Example 2. String and boolean
CREATE (:Example {c: 'This is an example string', d: true, e: false})
  • The property c has the type string with the value 'This is an example string'.

  • The property d has the type boolean with the value true.

  • The property e has the type boolean with the value false.

Example 3. Lists
CREATE (:Example {f: [1, 2, 3], g: [2.71, 3.14], h: ['abc', 'example'], i: [true, true, false]})
  • The property f contains an array with the value [1, 2, 3].

  • The property g contains an array with the value [2.71, 3.14].

  • The property h contains an array with the value ['abc', 'example'].

  • The property i contains an array with the value [true, true, false].

For a thorough description of the available data types, refer to the Cypher manual → Values and types.

Traversals and paths

A traversal is how you query a graph in order to find answers to questions, for example: "What music do my friends like that I don’t yet own?", or "What web services are affected if this power supply goes down?".

Traversing a graph means visiting nodes by following relationships according to some rules. In most cases only a subset of the graph is visited.

Example 4. Path matching.

To find out which movies Tom Hanks acted in according to the tiny example database, the traversal would start from the Tom Hanks node, follow any ACTED_IN relationships connected to the node, and end up with the Movie node Forrest Gump as the result (see the black lines):

graphdb traversal arr

The traversal result could be returned as a path with the length 1:

graphdb path arr

The shortest possible path has length zero. It contains a single node and no relationships.

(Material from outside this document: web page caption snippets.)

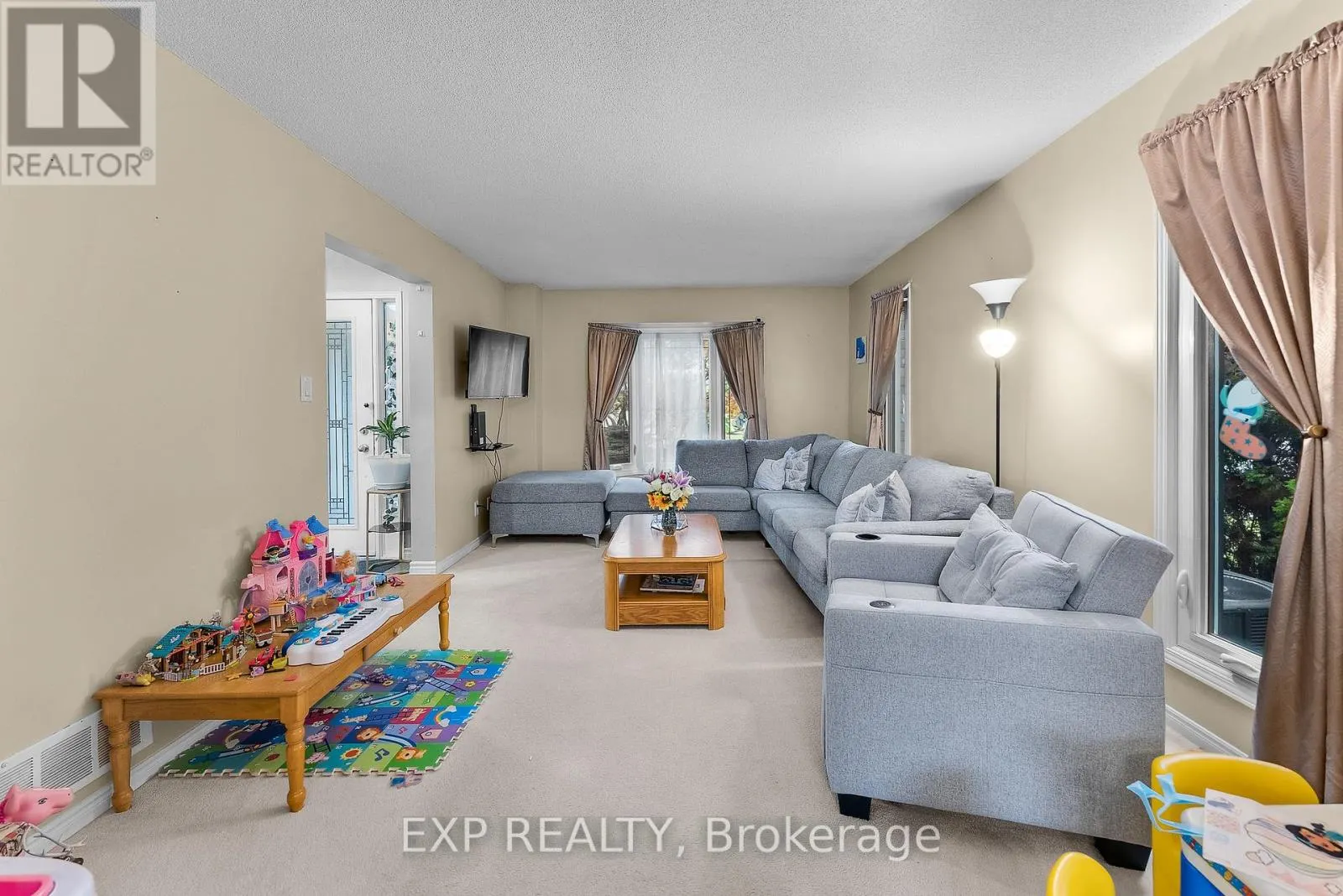 3 BRIARSDALE CRESCENT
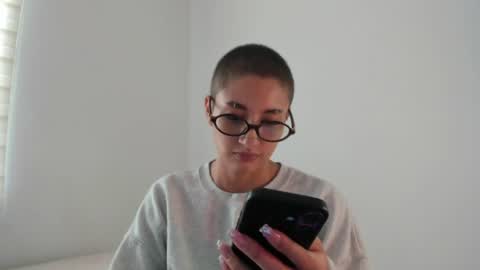 Snapshot of vandalovee chatting on 06-29-26, 01:55 Babi Alu online show from 06-29-26, 01:55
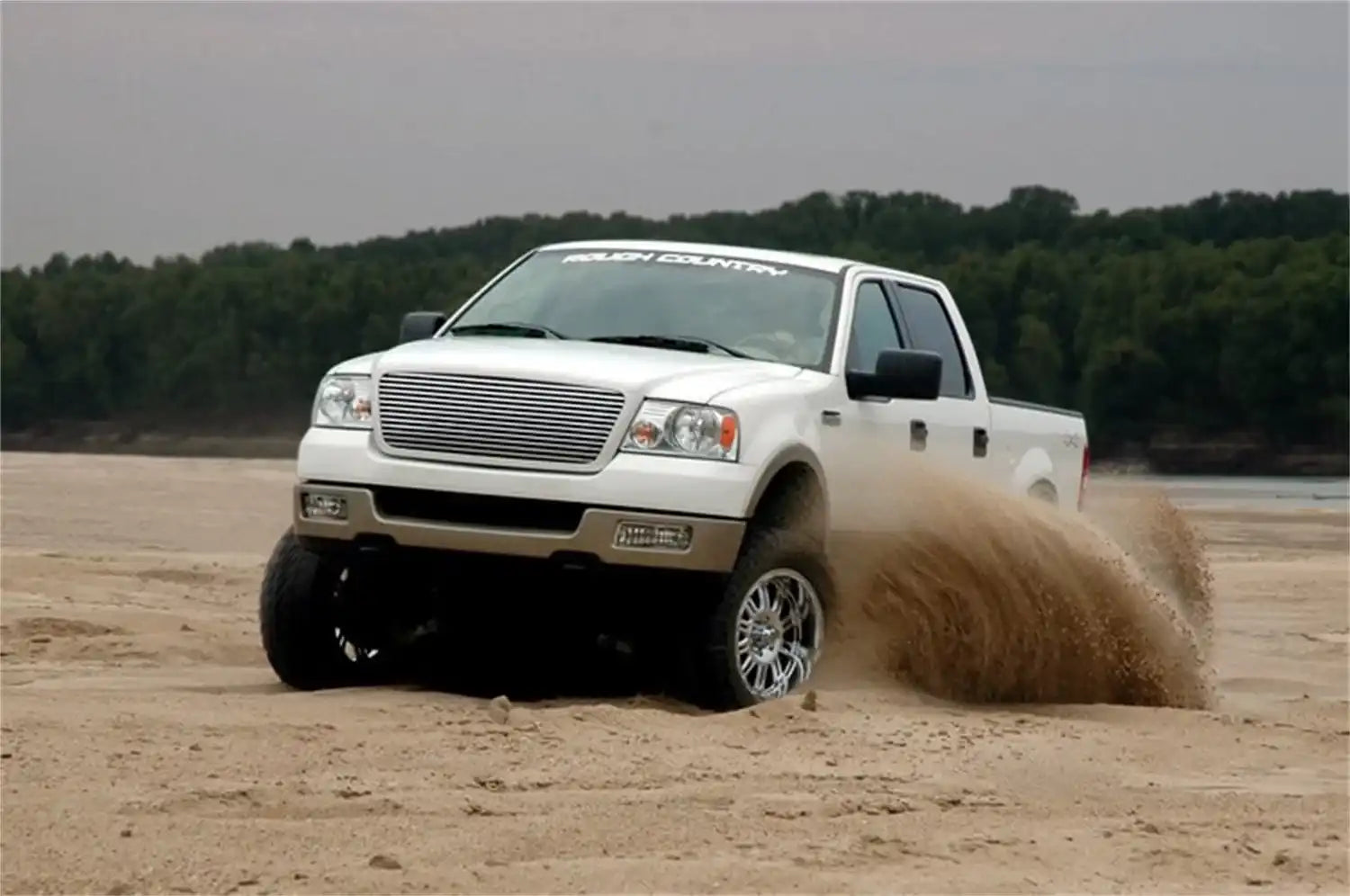 ford-lift-kit_576n2-installed_1.jpg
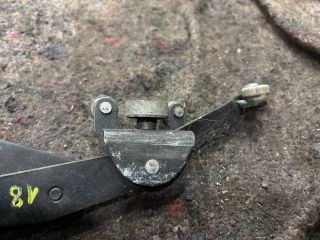 bontott VW TRANSPORTER Tolóajtó Sín Görgő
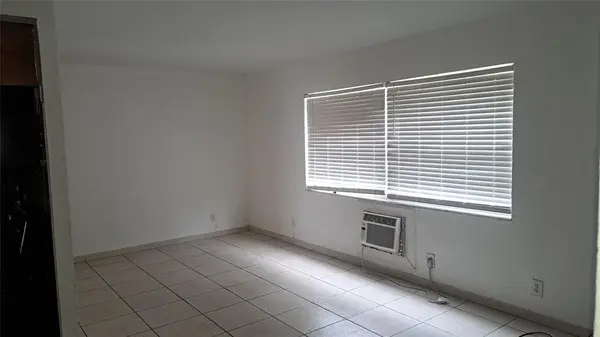 Lake Worth Beach, FL 33460,925 S K Street #4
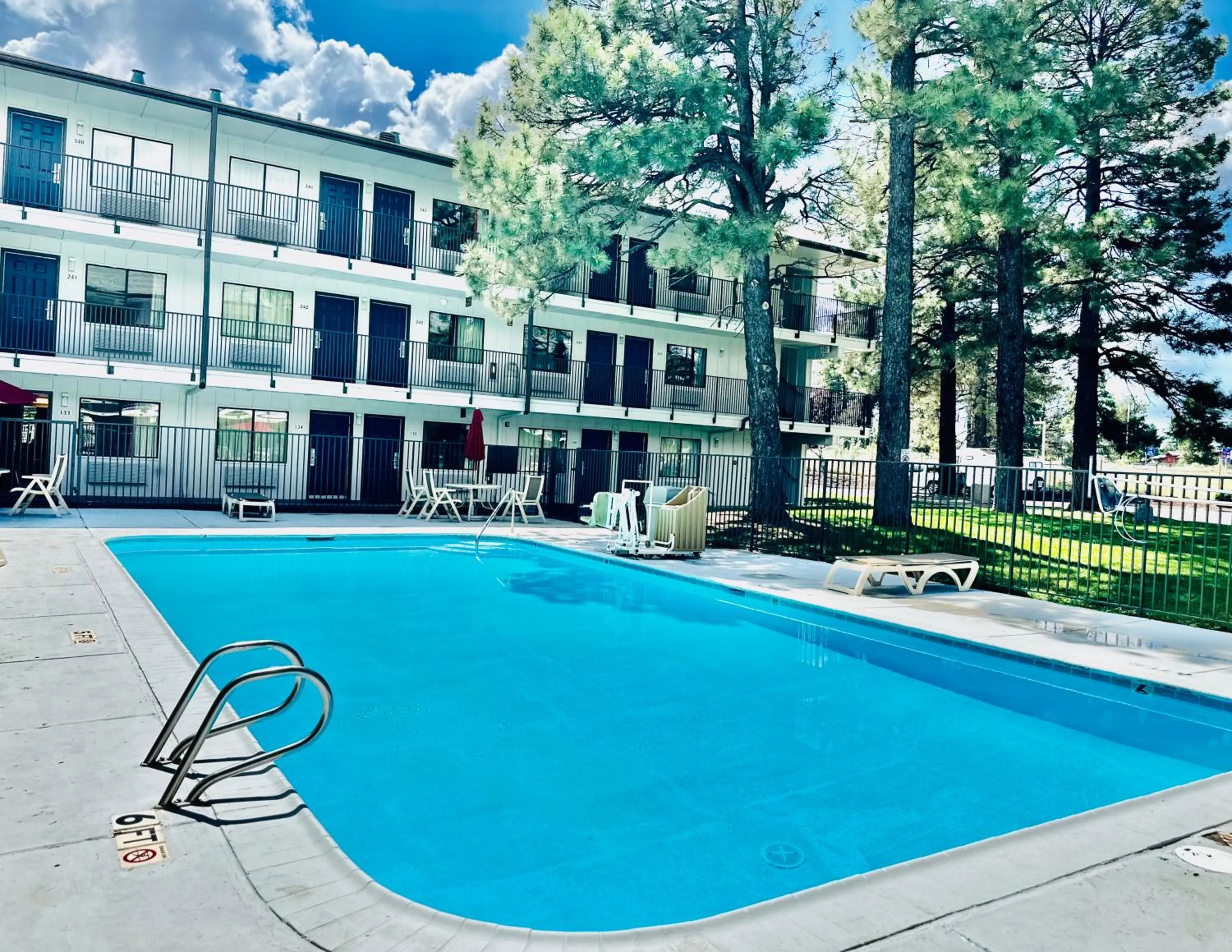 Property building in Motel 6-Flagstaff, AZ - West - Woodland Village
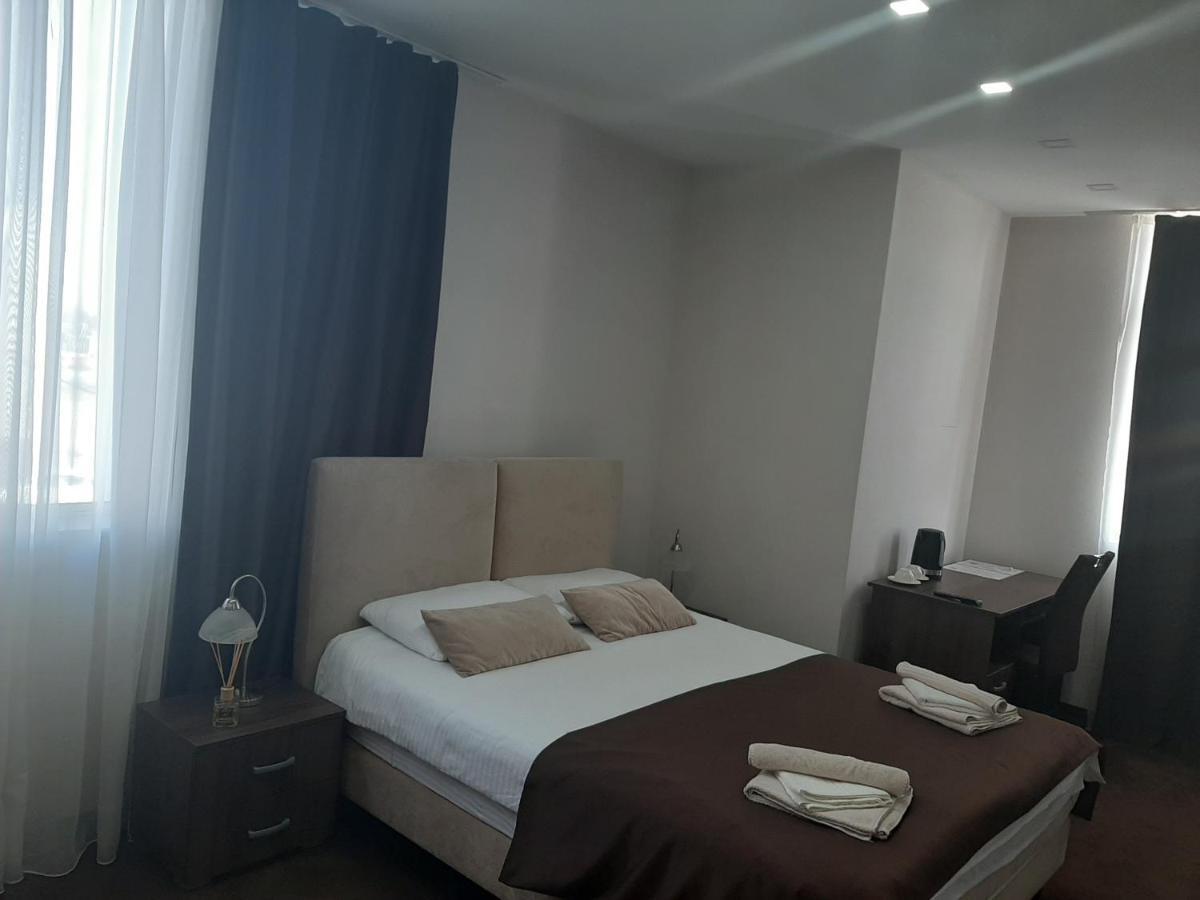 Hotel Usce Šabac Dış mekan fotoğraf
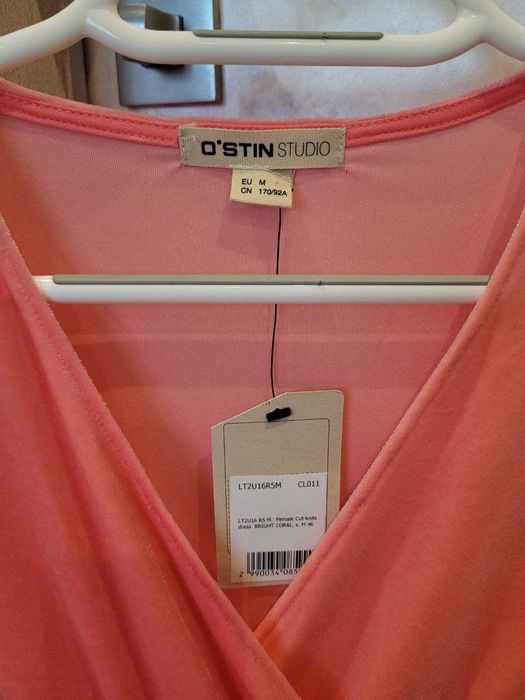 Новое платье Ostin и Petro Soroka размер 44-46 вискоза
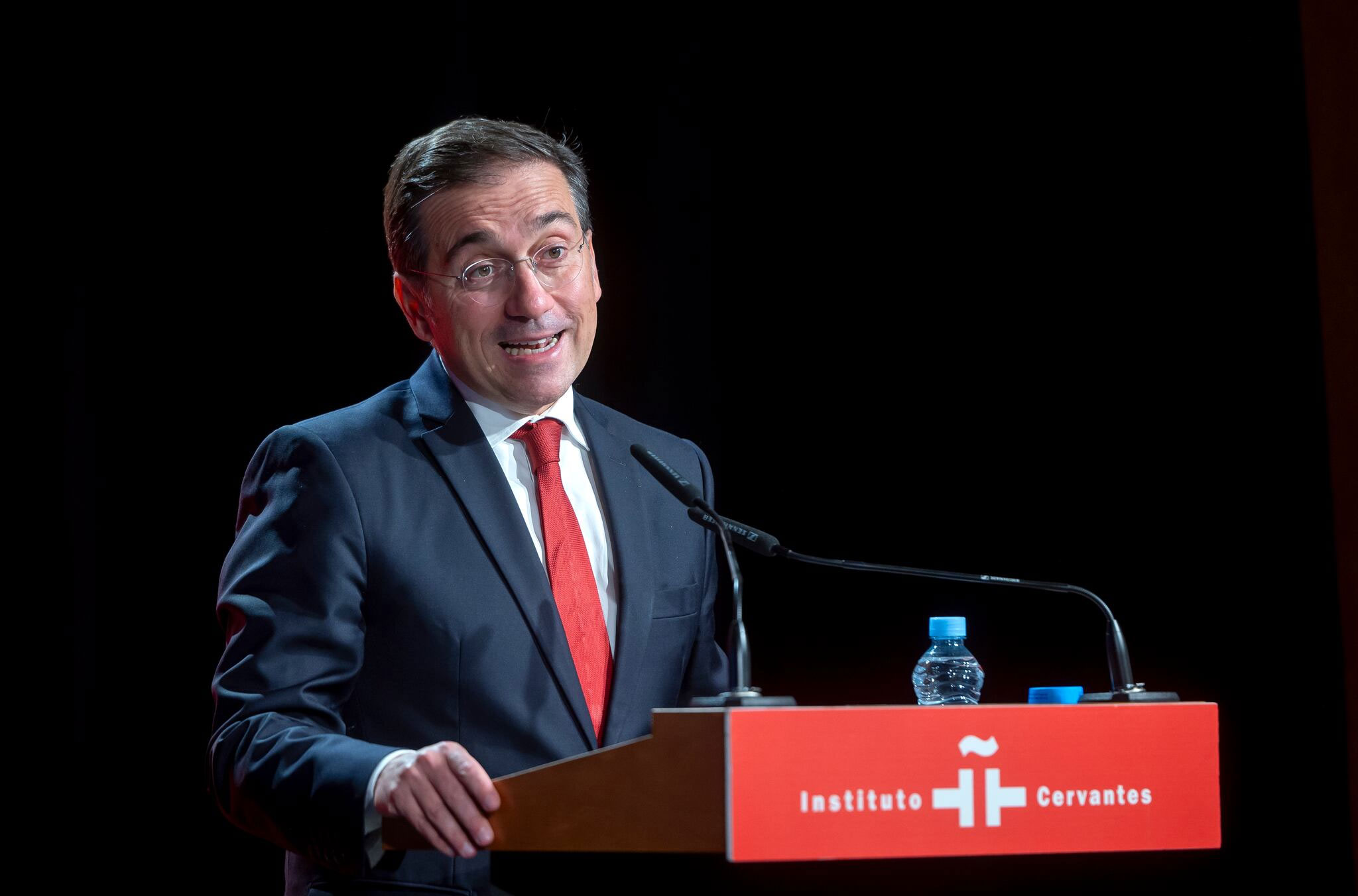 Spain Acknowledges “Pain & Injustice” Caused to Indigenous Peoples of Mexico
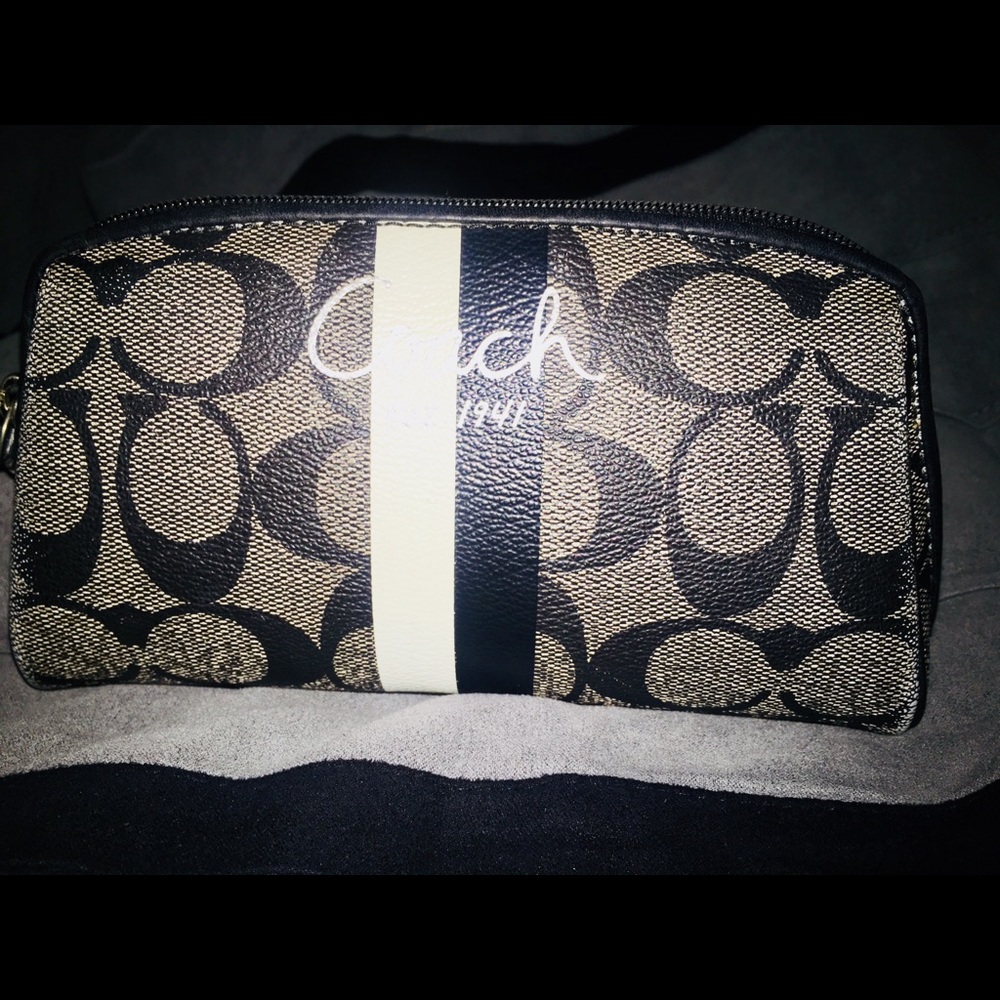 ❌SOLD❌Coach Makeup/Accessories Bag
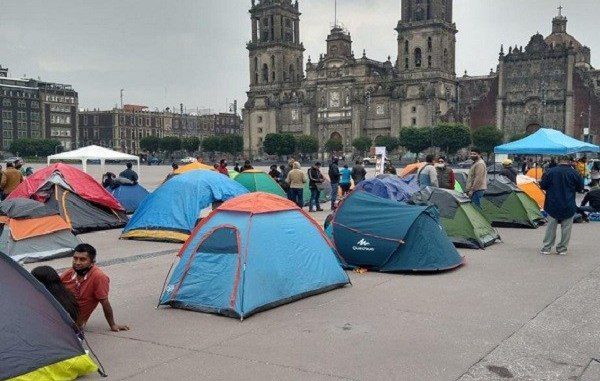 Registran en plantones en el Zócalo 7 infectados por COVID-19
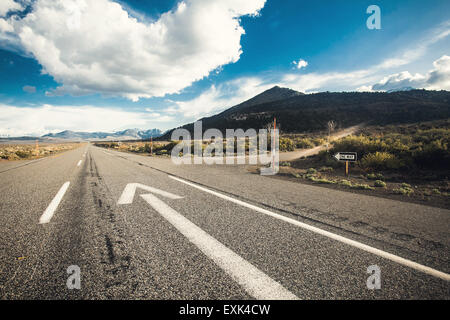 Ampio angolo di immagine di guida su una strada vuota attraverso il bellissimo paesaggio a giornata di sole. Concept vision per il movimento in avanti Foto Stock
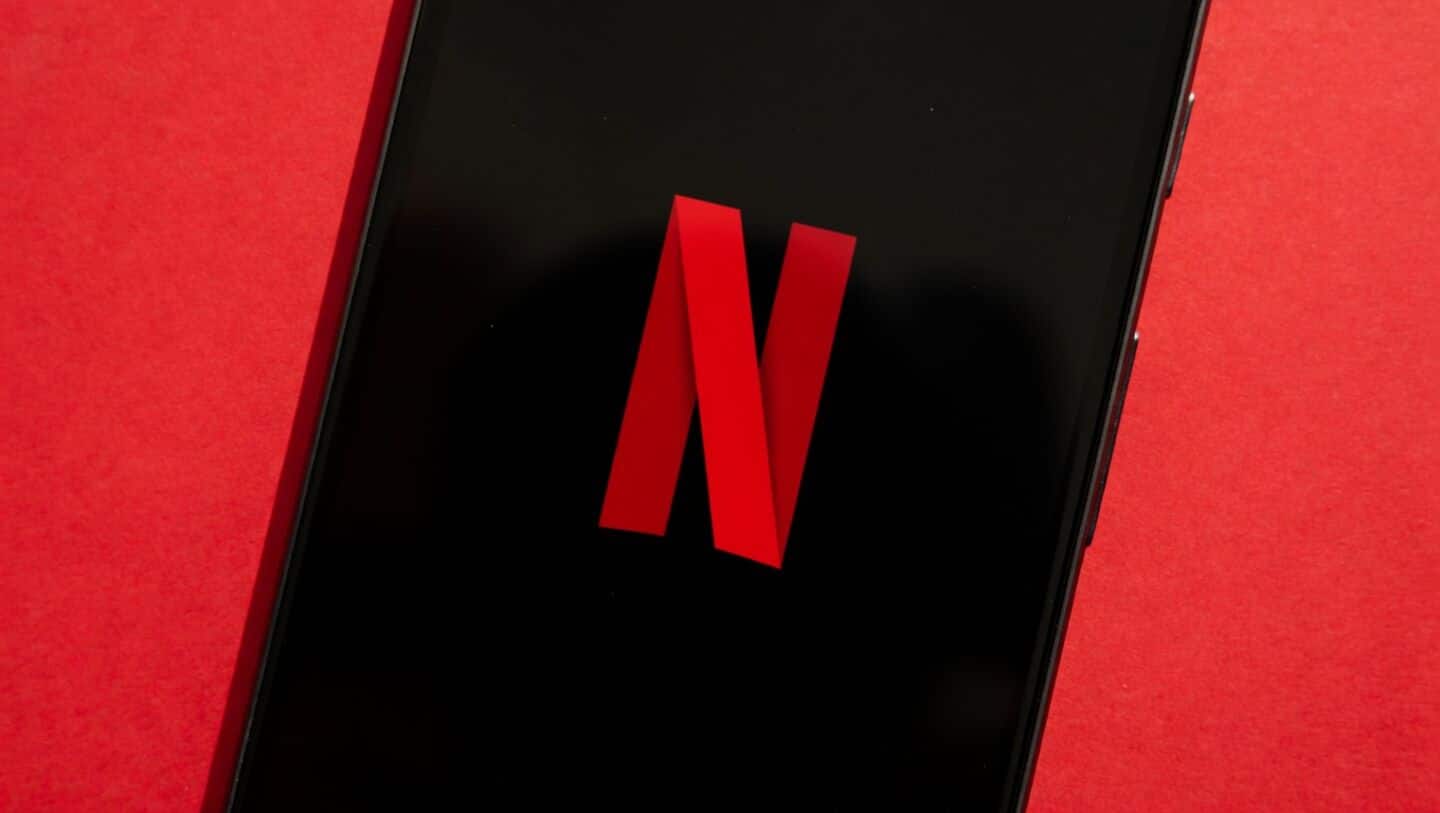 Netflix adds ads to 'Clips' feed and podcasts using AI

A path containing only a single node has the length of 0.

graphdb path zero arr
Figure 8. Path of length zero

A path containing one relationship has the length of 1.

graphdb path example loop arr
Figure 9. Path of length one

Schema

A schema in Neo4j refers to indexes and constraints.

Neo4j is often described as schema optional, meaning that it is not necessary to create indexes and constraints. You can create data — nodes, relationships and properties — without defining a schema up front. Indexes and constraints can be introduced when desired, in order to gain performance or modeling benefits.

Indexes

Indexes are used to increase performance. To see examples of how to work with indexes, see Using indexes. For detailed descriptions of how to work with indexes in Cypher, see Cypher Manual → Indexes.

Constraints

Constraints are used to make sure that the data adheres to the rules of the domain. To see examples of how to work with constraints, see Using constraints. For detailed descriptions of how to work with constraints in Cypher, see the Cypher manual → Constraints.

Naming conventions

Node labels, relationship types, and properties (the key part) are case sensitive, meaning, for example, that the property name is different from the property Name.

The following naming conventions are recommended:

Table 1. Naming conventions
Graph entity Recommended style Example

Node label

Camel case, beginning with an upper-case character

:VehicleOwner rather than :vehicle_owner

Relationship type

Upper case, using underscore to separate words

:OWNS_VEHICLE rather than :ownsVehicle

Property

Lower camel case, beginning with a lower-case character

firstName rather than first_name

For the precise naming rules, refer to the Cypher manual → Naming rules and recommendations.